Amendments to the Fund Manager Code of Conduct
Further to the Conclusions, the revised FMCC largely adopts the amendments proposed by the SFC in its Consultation Paper issued on 23 November 2016 (the “Consultation”). The amended FMCC will become effective on 17 November 2018 (i.e. within 12 months of its publication in the Gazette).
The main changes introduced in the FMCC relate to: (i) the scope of its application; (ii) securities lending and repurchase agreements (“repos”); (iii) custody of fund assets; (iv) liquidity risk management; and (v) leverage disclosure.
Scope of application of the FMCC
The scope of the revised FMCC is considerably broader than that of the FMCC currently in force. As suggested in the Consultation, the revised FMCC applies not only to licensed and registered persons (and their representatives) whose businesses involve the management of collective investment schemes (whether authorised or not) but also to intermediaries that manage discretionary accounts (in the form of an investment mandate or pre-defined portfolio).
This is made clear in the introductory paragraph to Appendix 1 of the revised FMCC (Requirements for licensed or registered persons conducting discretionary accounts management). The rationale for expanding the scope of the FMCC to discretionary account managers is that investment functions performed by discretionary account managers and fund managers are broadly similar.
The SFC clarified that the revised FMCC applies to public and private funds as well as offshore and local funds.
It was proposed in the Consultation that some of the enhancements to the FMCC would only be applicable to those responsible for the overall operation of a fund or having “de facto control” of the oversight or operation of the fund. In light of the comments received on the Consultation, the SFC decided to retain the reference to fund managers that are “responsible for the overall operation of a fund” (which is in line with relevant IOSCO principles) and to remove the reference to “de facto control” in the revised FMCC. Whether a person is “responsible for the overall operation of a fund” is a factual question but the mere existence of a governing body will not be sufficient to conclude that the fund manager does not have such responsibility. The SFC announced that it would issue further guidance on the meaning of this expression in FAQs which will be updated from time to time.

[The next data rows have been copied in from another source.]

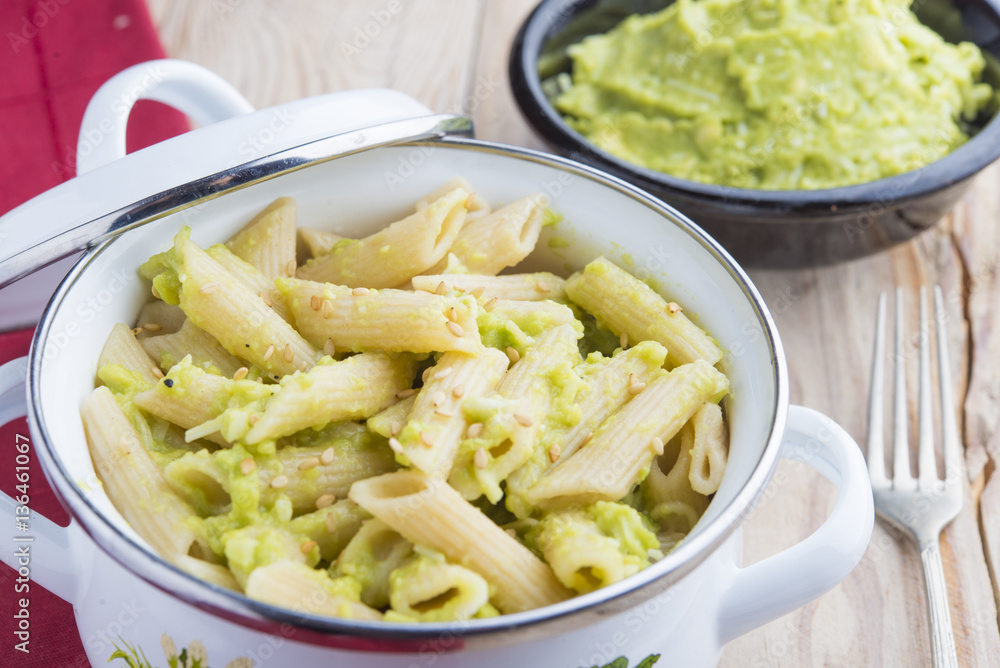 Pasta with guacamole Pasta with guacamole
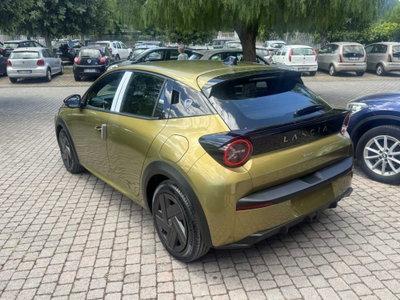 Lancia Ypsilon 1.2 mhev 110cv e-dct (3)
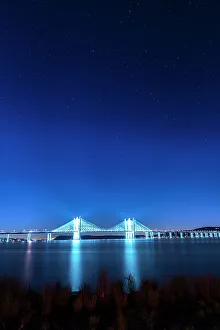 Cable Prints: USA, New York, Tarrytown. Stars over the Hudson River and the Gov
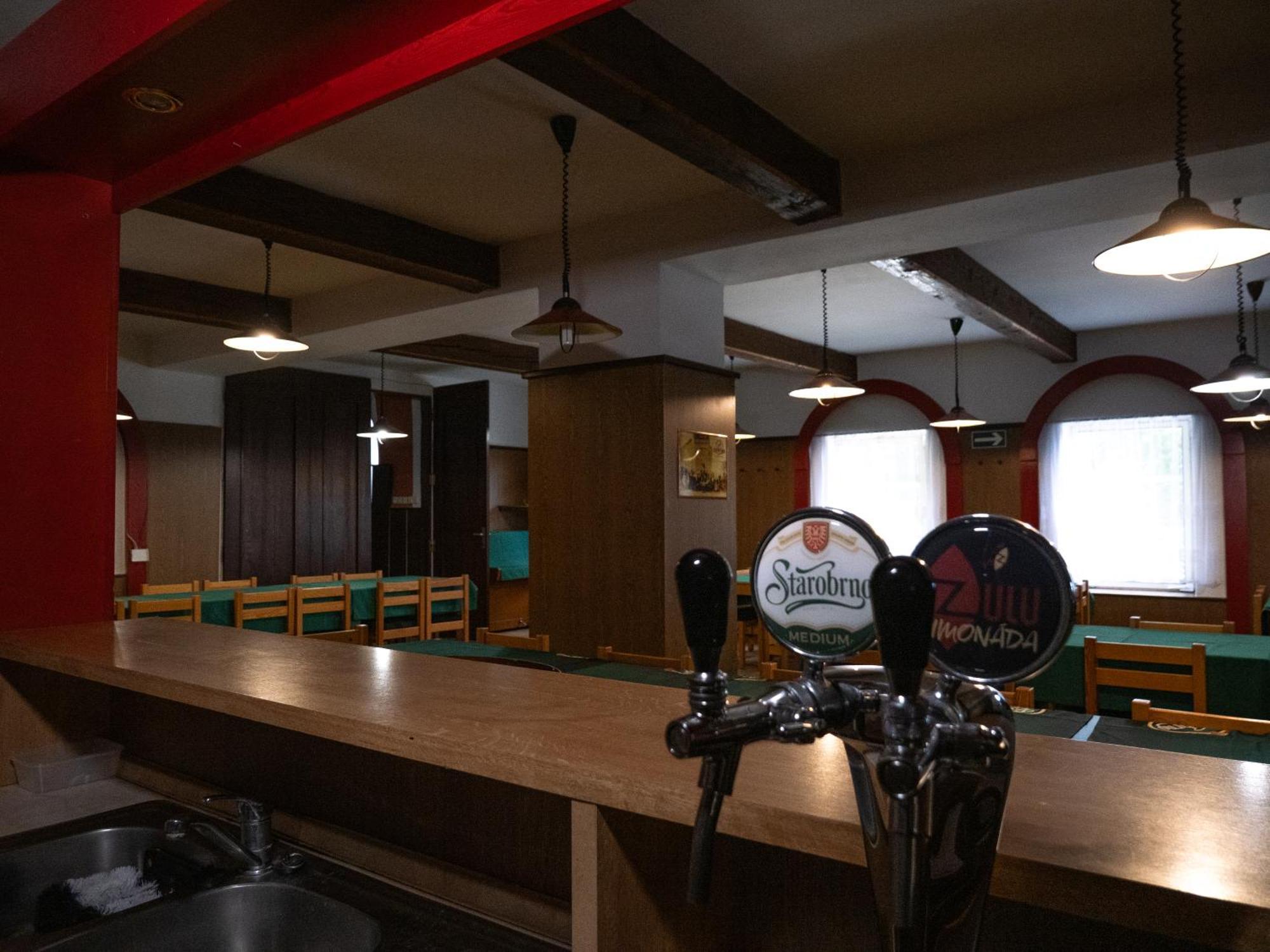 Club Hotel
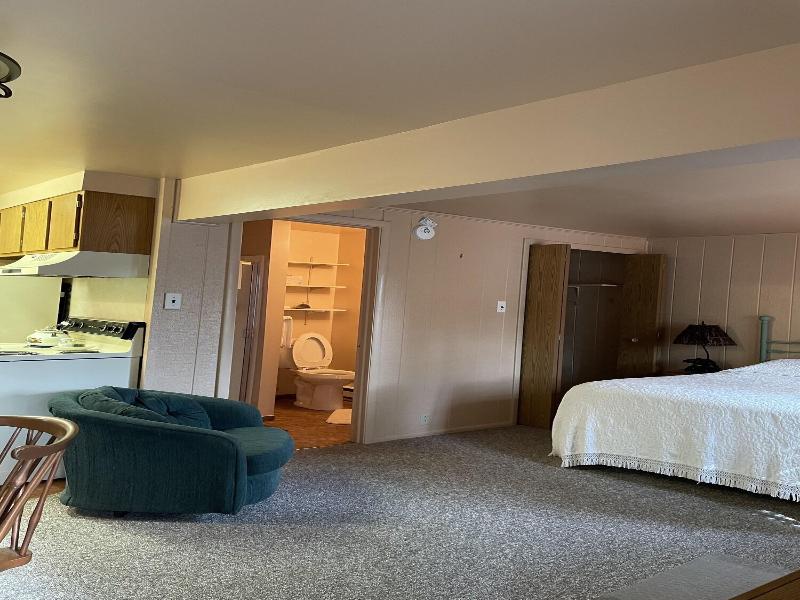 Wagon Wheel Hotel image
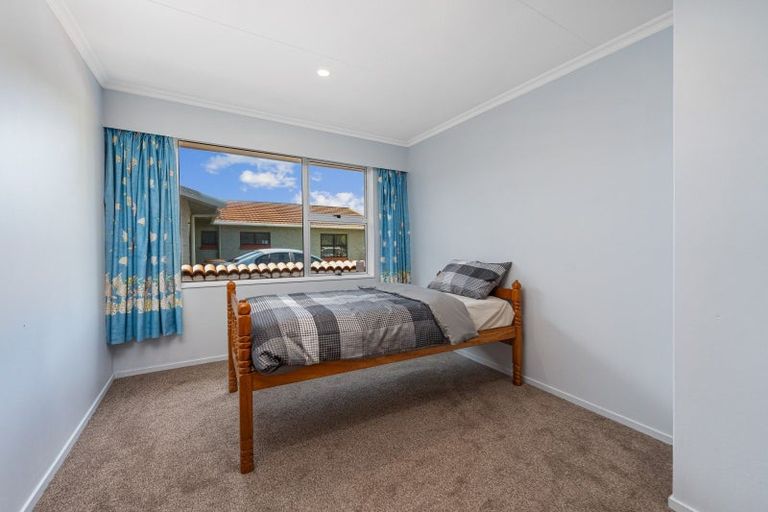 Photo of property in 11 Chippendale Crescent, Highbury, Palmerston North, 4412
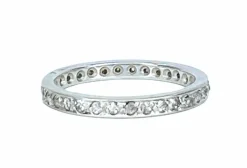 Alliance en or blanc 18 carats et diamants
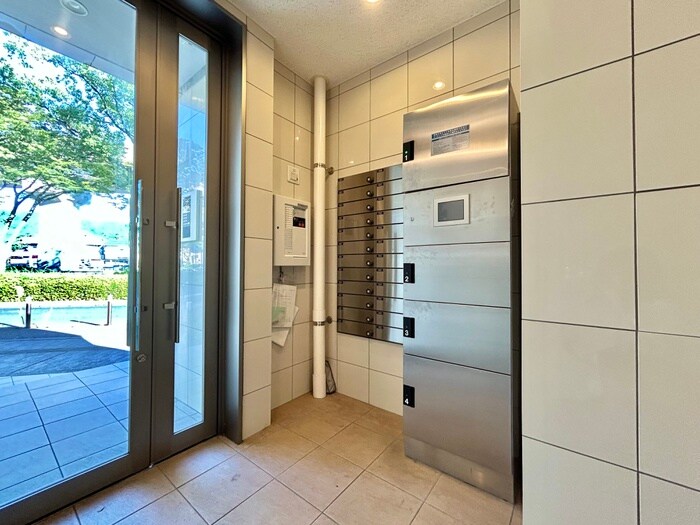 物件外観写真4　(建物設備)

In the Conclusions, the SFC also stressed that the FMCC applies generally to the outsourcing of a fund manager’s functions. Therefore, where functions are delegated to service providers, a fund manager should: (i) exercise due skill, care and diligence in the appointment of the provider; and (ii) monitor its competence on an ongoing basis to ensure that the principles in the revised FMCC are followed.
Requirements for intermediaries conducting discretionary accounts management
Following the SFC’s proposal in the Consultation, the revised FMCC includes a new Appendix 1 which specifies requirements in the FMCC that are not applicable to discretionary account managers and lays out additional requirements for such managers.
FMCC requirements not applicable to discretionary account managers
Pursuant to Appendix 1, a number of requirements in the revised FMCC do not apply to discretionary account managers as the SFC acknowledges that these are not relevant to the services they provide. These relate to: (i) liquidity management; (ii) the termination of funds; (iii) side pockets; (iv) audit of financial statements of funds and accounting information in funds’ annual report; (v) frequency of valuation of fund assets; (vi) net asset value calculation and pricing of different unit and share classes; and (vii) compliance with statutory requirements regarding offers of investments.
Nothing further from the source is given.